#### Task instructions:
Repeat exactly the stretch of lines that starts with the one containing "Studio ao lado da Famosa Rua Coberta" and ends with the last line of the material. Leave out pictures.

#### Given records:
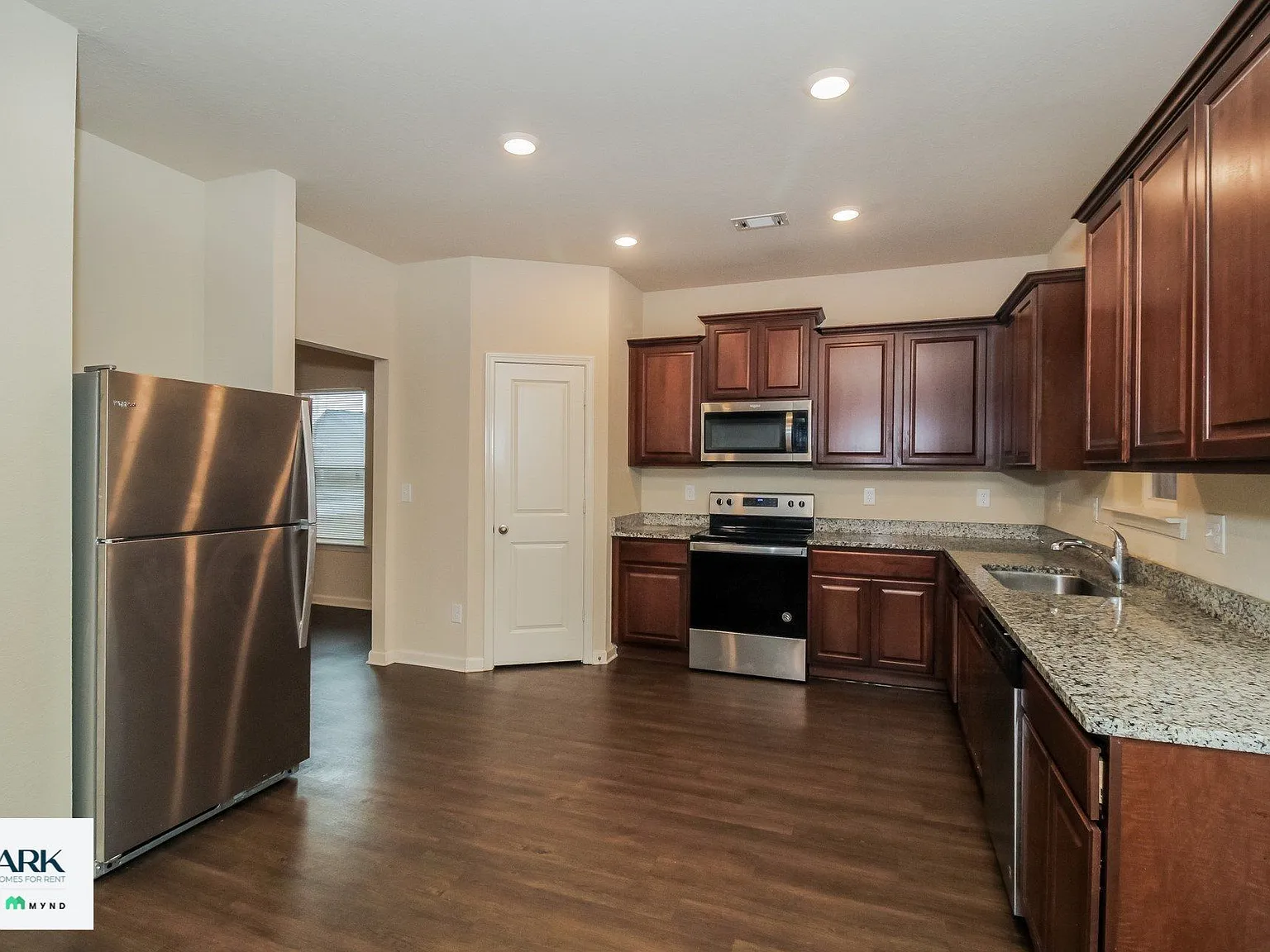 3 bed, 2.0 bath, 1648 sqft, $1,875 — Photo 3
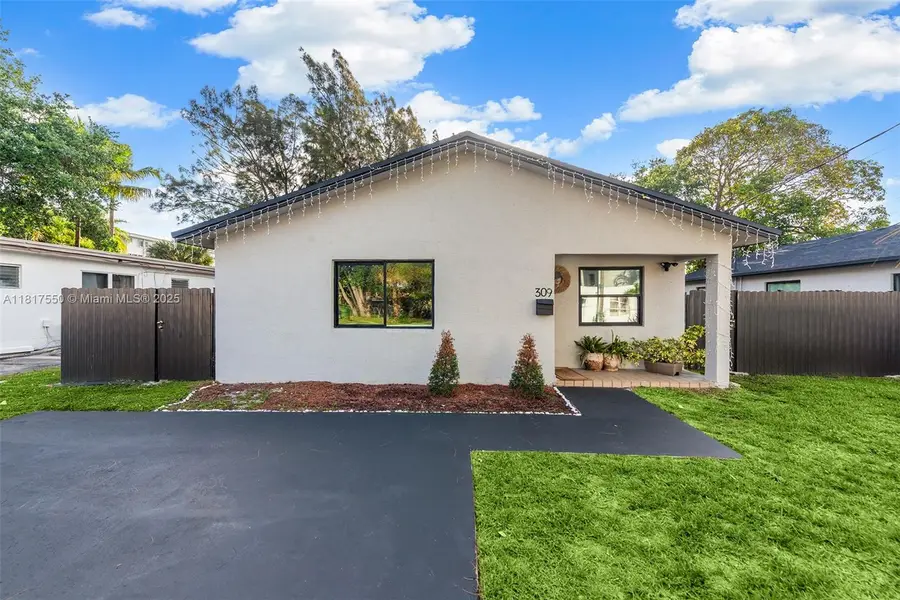309 SE 3rd Ave, Hallandale Beach, FL 33009 - #3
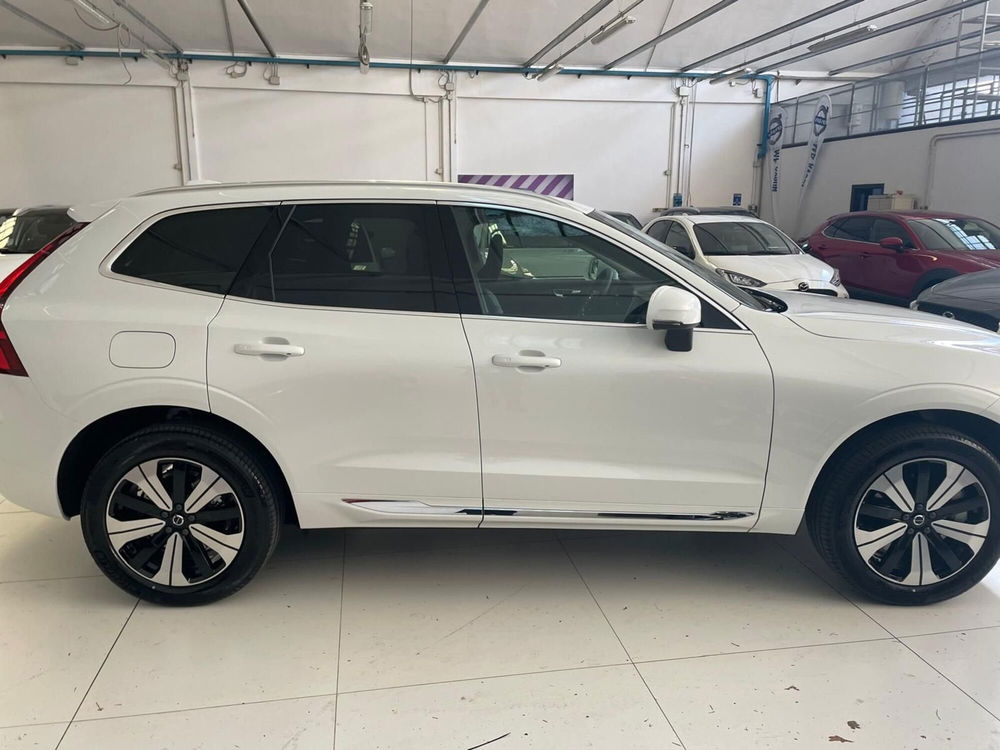 Volvo XC60 nuova a Prato (14)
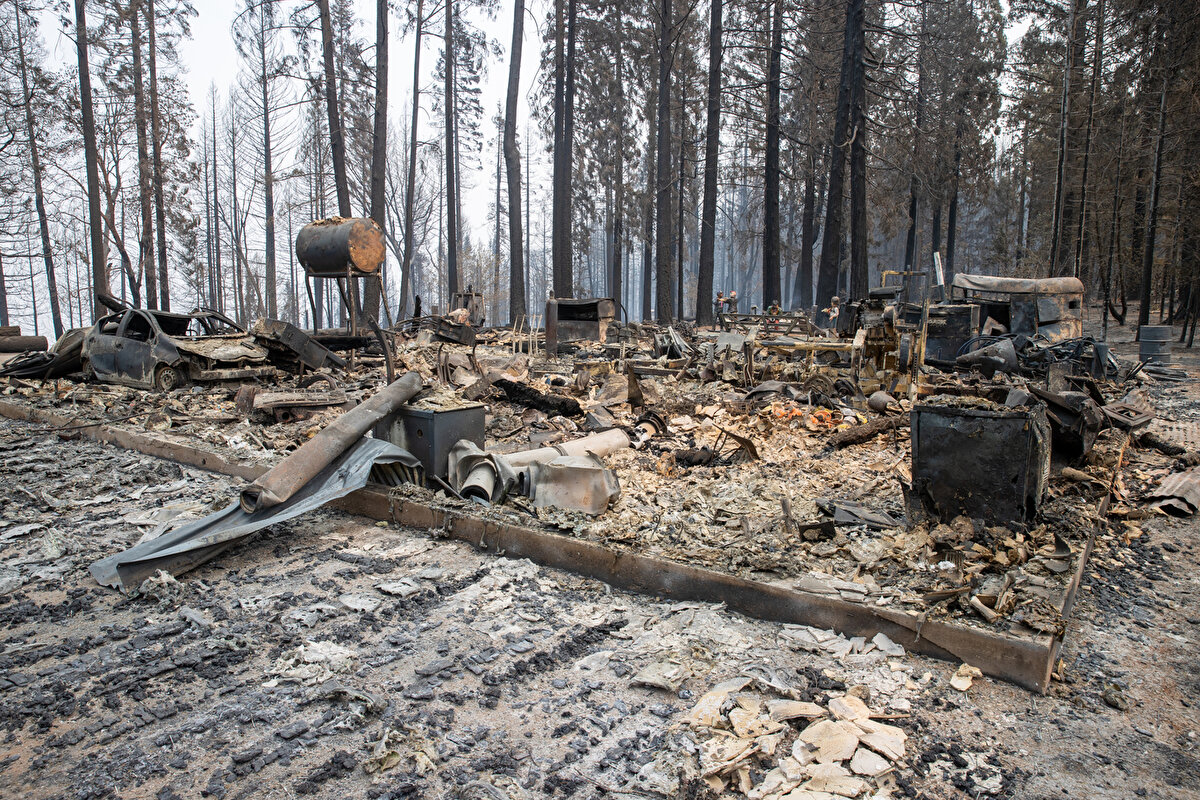 Köpeği ile Sierra Koleji'nin otoparkında kalacağını belirten Jones, 30 ile 45 güne kadar evlerine dönemeyeceklerini söyledi.<br>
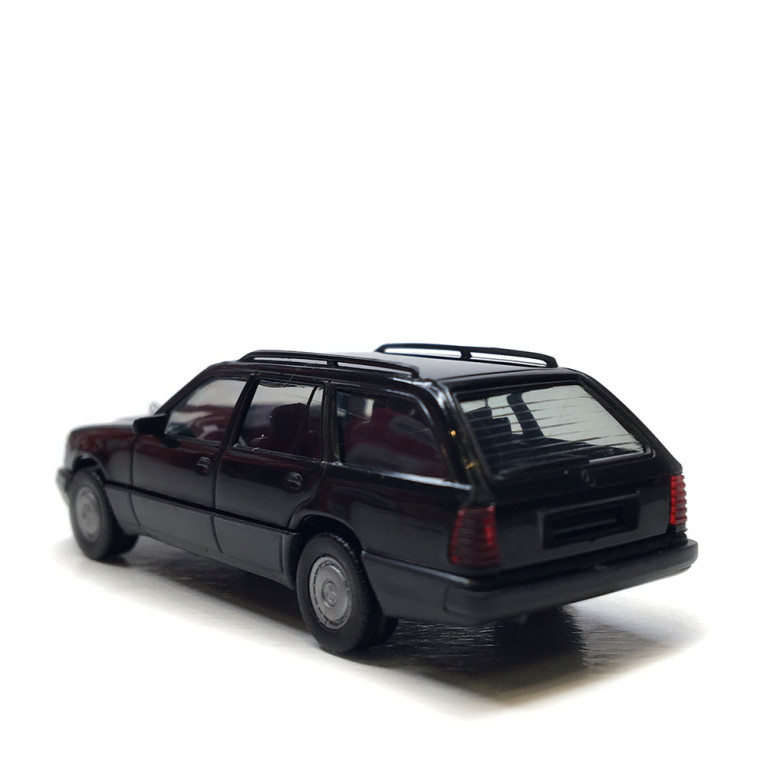 Mercedes-Benz, Classe E, t-model (W124), noir - HERPA 029049 - HO 1/87
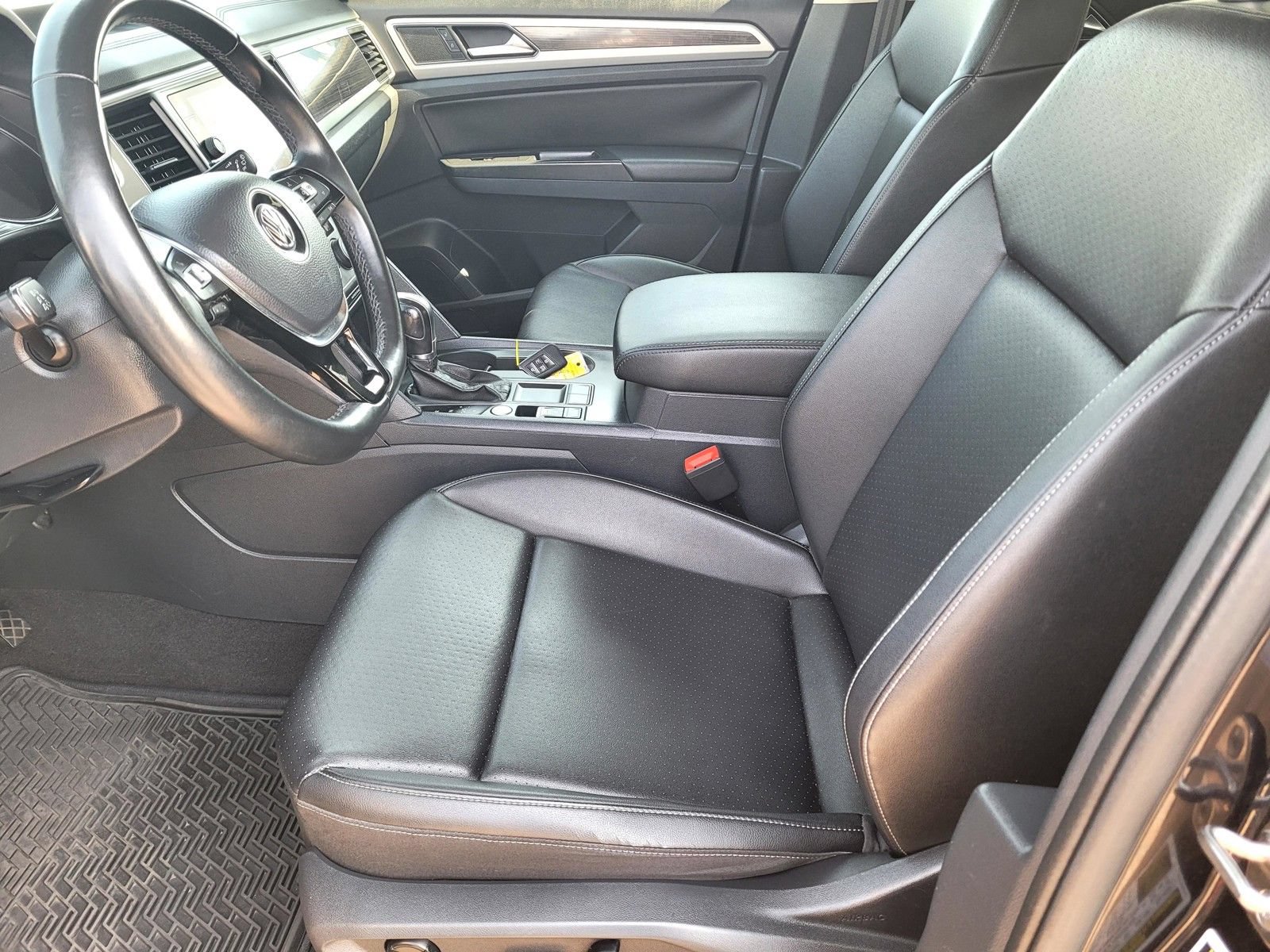 Used 2019 Volkswagen Atlas SE FWD image 22
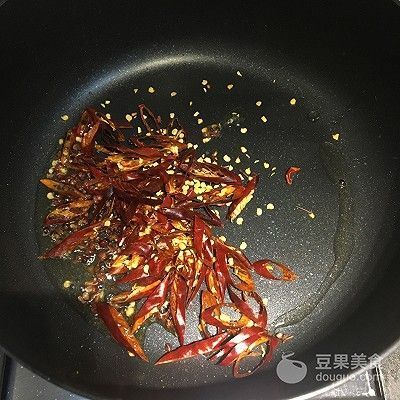 三角恐龍魚吃什么長得快點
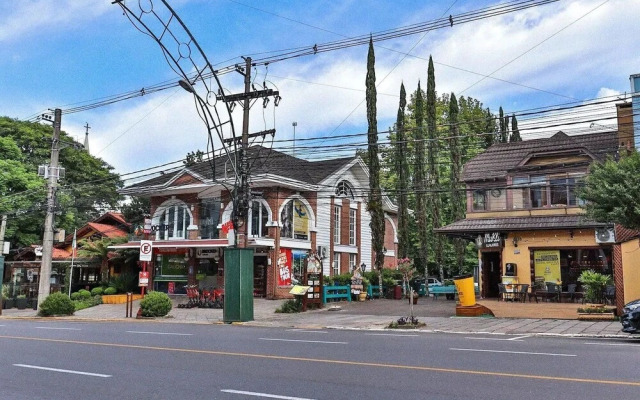 Studio ao lado da Famosa Rua Coberta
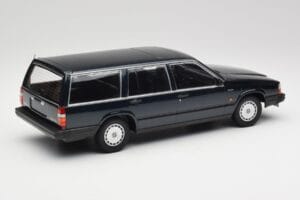 Volvo 740 GL Kombi Sötétzöld Metál Minichamps 1:18 155171771 Fém – 2. kép a 6-ből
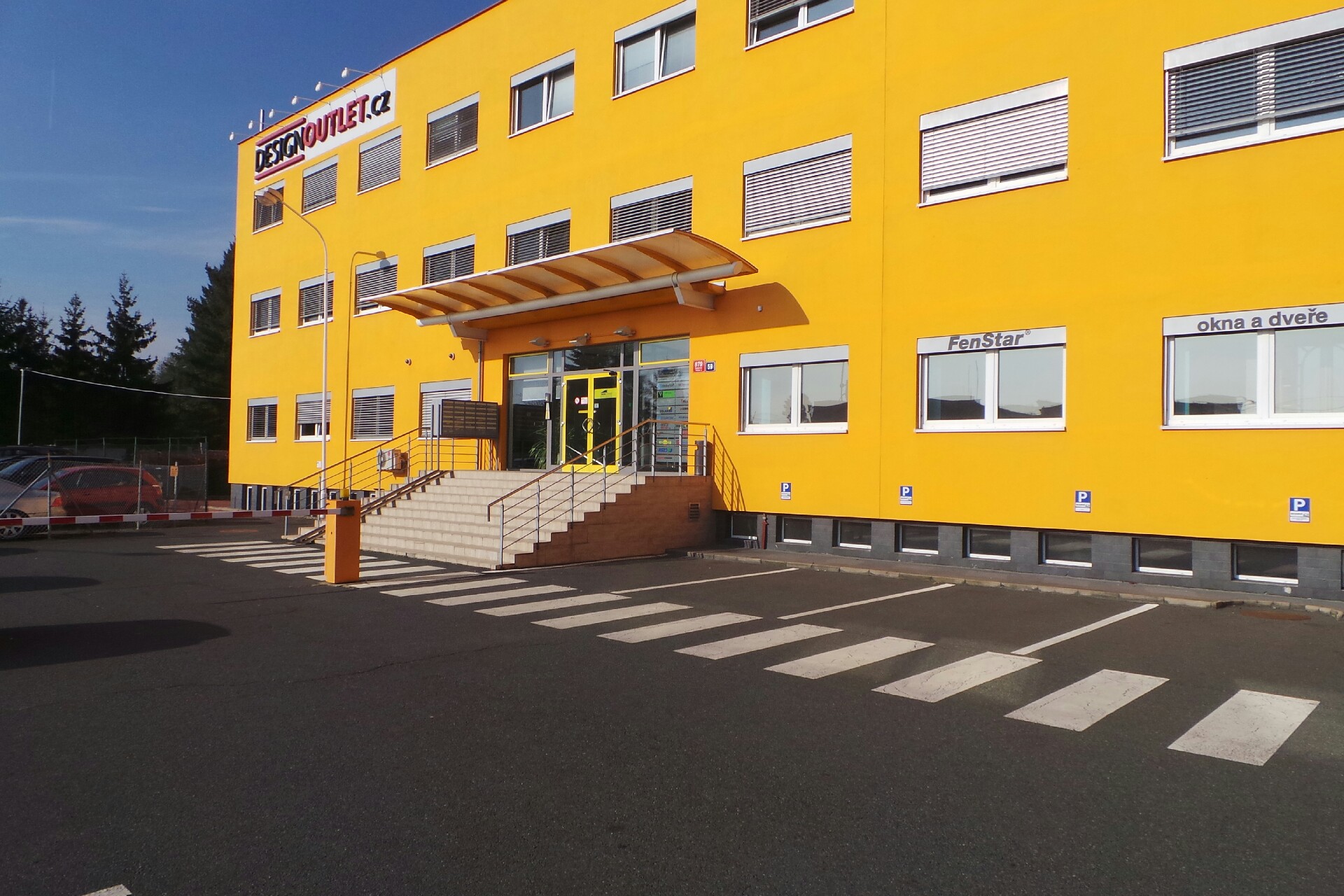 CZ STAVEBNÍ HOLDING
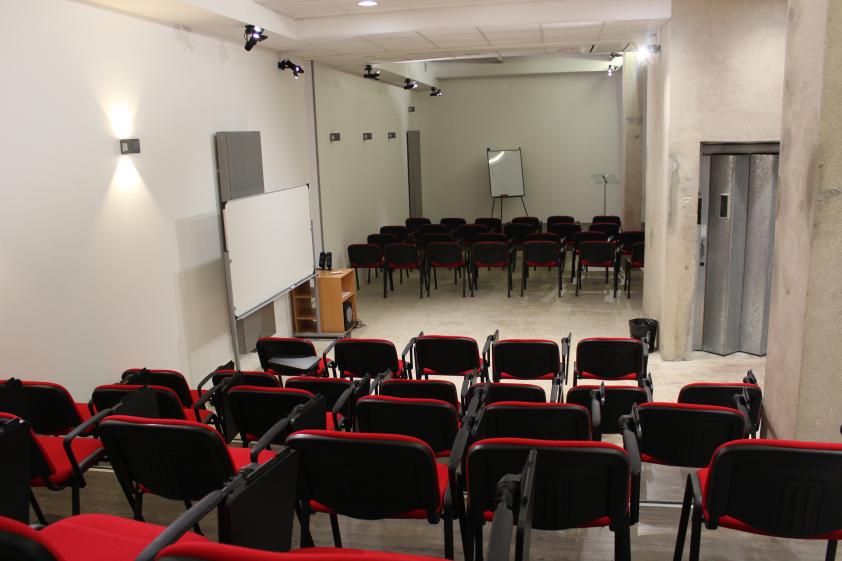 10_salle_de_cours.jpg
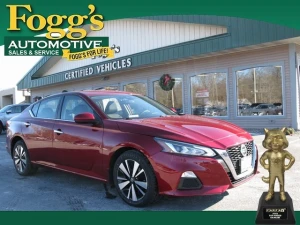 2022 Nissan Altima at Fogg's Automotive in Schenectady, NY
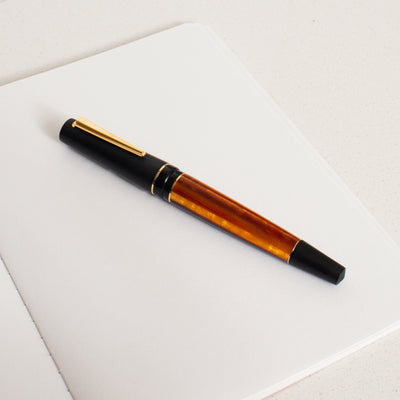 Maiora Impronte Oversize Orange & Black Fountain Pen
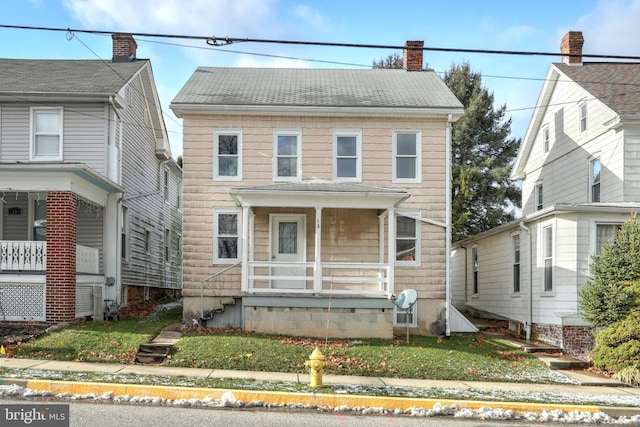 view of front of house with covered porch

#### Exercise output:
 Studio ao lado da Famosa Rua Coberta
 Volvo 740 GL Kombi Sötétzöld Metál Minichamps 1:18 155171771 Fém – 2. kép a 6-ből
 CZ STAVEBNÍ HOLDING
 10_salle_de_cours.jpg
 2022 Nissan Altima at Fogg's Automotive in Schenectady, NY
 Maiora Impronte Oversize Orange & Black Fountain Pen
 view of front of house with covered porch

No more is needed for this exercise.